## Dataset excerpts
━━━━━━━━━━━━━━━━
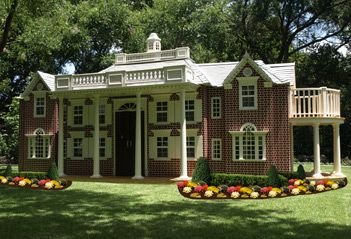 Extreme Makeover - Kid's Playhouse Edition! Not really, but check out these lavish playhouses.... that I could live in. Diy Playhouse Plans, Kids Playhouse Plans, Luxury Playhouses, Outside Playhouse, Custom Playhouse, Kids Indoor Playhouse, Playhouse Plans, Indoor Playhouse, Diy Playhouse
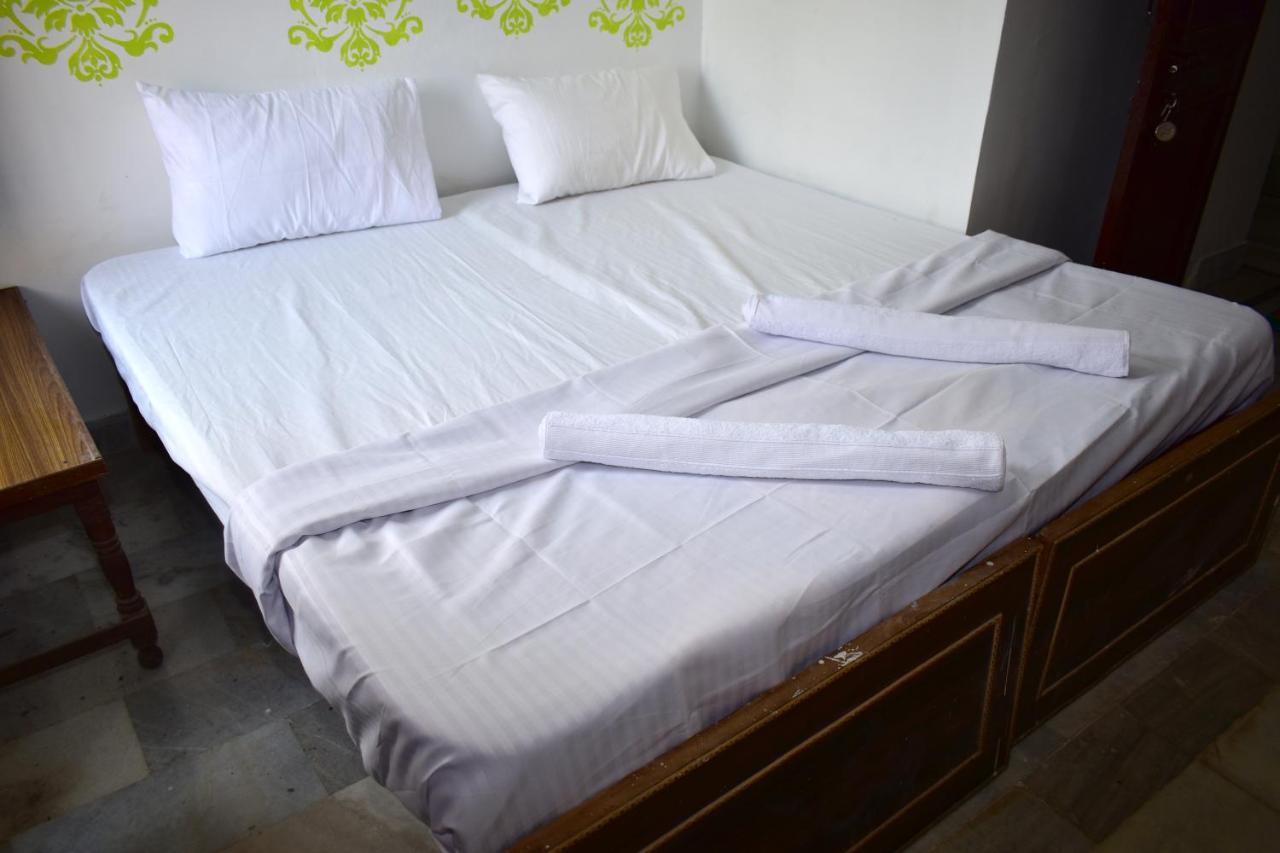 Sandhya Guest House Varanasi Near Ganga River מראה חיצוני תמונה
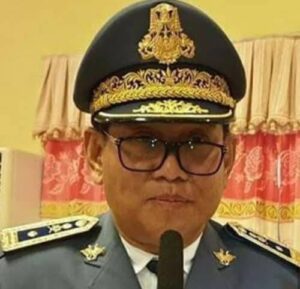 លោក ជួប ចំរើន ឃុបឃិតបើកដៃឲ្យក្រុមឈ្មួញនាំចូលទំនិញគេចពន្ធ ទំនិញបង់ពន្ធមិនគ្រប់និងទំនិញខុសច្បាប់ តាមច្រកតន់ហន់ ច្រកព្រែកចាក និងតាមច្រកដែនលំហរសមុទ្រដើម្បីប្រមូលលុយដាក់ហោប៉ៅ..!។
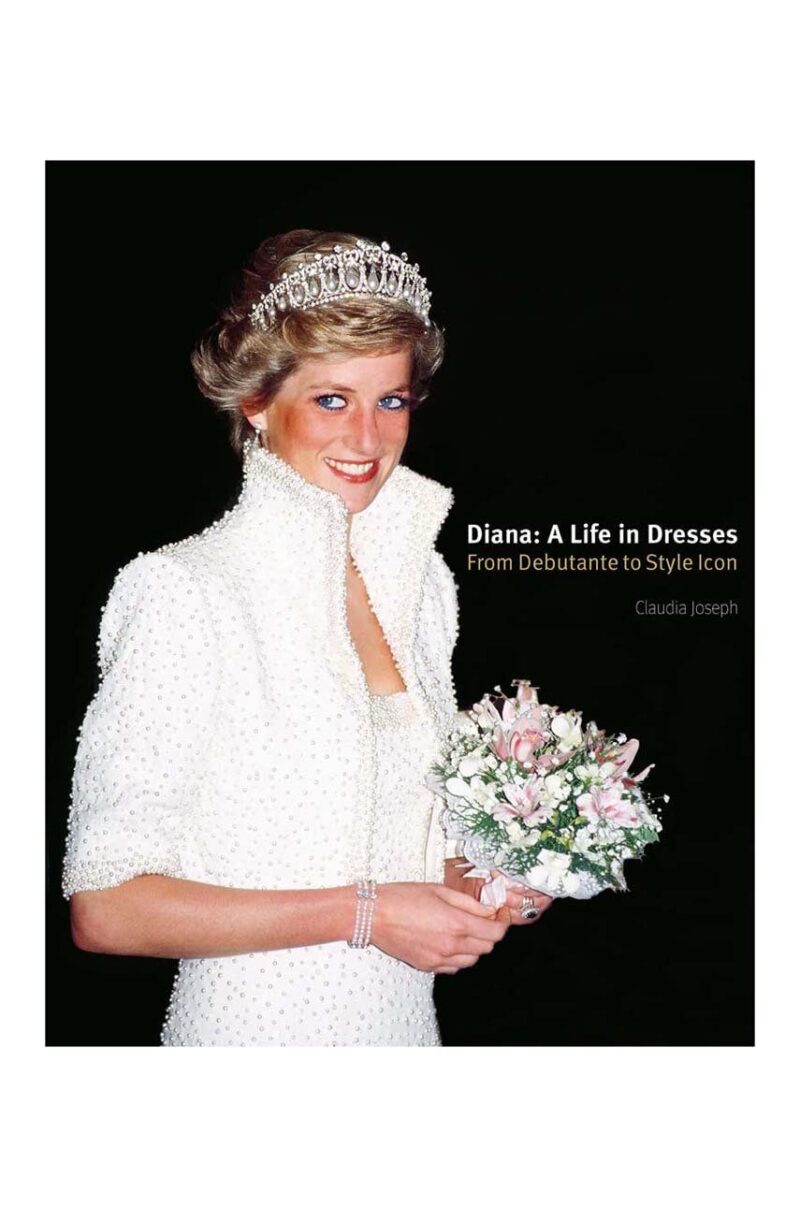 home & lifestyle carte Diana: A Life in Dresses by Claudia Joseph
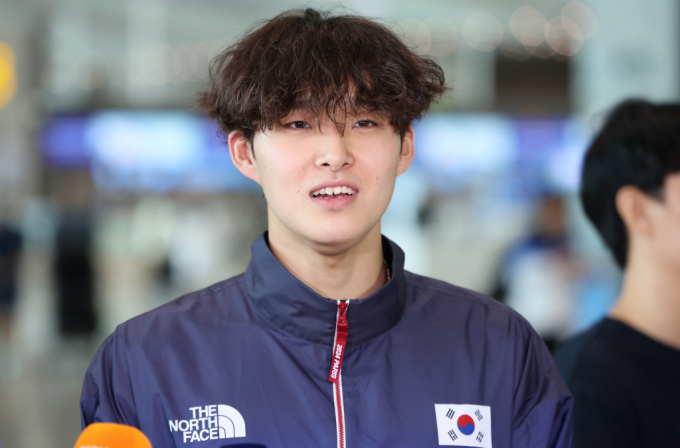 2024 파리하계올림픽에 출전하는 호주 수영대표팀 마이클 펠페리 코치가 과거 자신이 지도했던 김우민의 선전을 기원했다가 자국에서 큰 비난에 직면했다. 사진은 이번 대회 메달권 후보로 꼽히는 김우민. /사진=뉴스1  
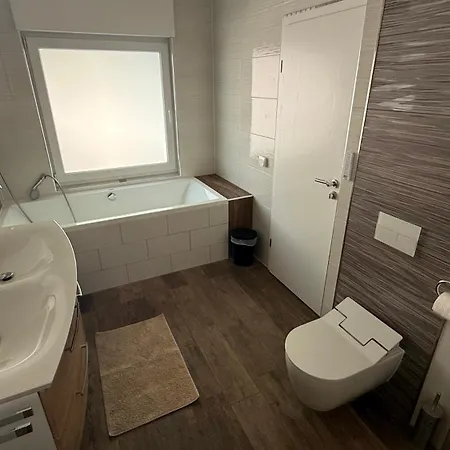 House In Sarstedt! Contactless Check-in Sarstedt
━━━━━━━━━━━━━━━━
## Exercise aim
The material must be restated verbatim. Its pictures must be omitted.

## Written solution
 Extreme Makeover - Kid's Playhouse Edition! Not really, but check out these lavish playhouses.... that I could live in. Diy Playhouse Plans, Kids Playhouse Plans, Luxury Playhouses, Outside Playhouse, Custom Playhouse, Kids Indoor Playhouse, Playhouse Plans, Indoor Playhouse, Diy Playhouse
 Sandhya Guest House Varanasi Near Ganga River מראה חיצוני תמונה
 លោក ជួប ចំរើន ឃុបឃិតបើកដៃឲ្យក្រុមឈ្មួញនាំចូលទំនិញគេចពន្ធ ទំនិញបង់ពន្ធមិនគ្រប់និងទំនិញខុសច្បាប់ តាមច្រកតន់ហន់ ច្រកព្រែកចាក និងតាមច្រកដែនលំហរសមុទ្រដើម្បីប្រមូលលុយដាក់ហោប៉ៅ..!។
 home & lifestyle carte Diana: A Life in Dresses by Claudia Joseph
 2024 파리하계올림픽에 출전하는 호주 수영대표팀 마이클 펠페리 코치가 과거 자신이 지도했던 김우민의 선전을 기원했다가 자국에서 큰 비난에 직면했다. 사진은 이번 대회 메달권 후보로 꼽히는 김우민. /사진=뉴스1  
 House In Sarstedt! Contactless Check-in Sarstedt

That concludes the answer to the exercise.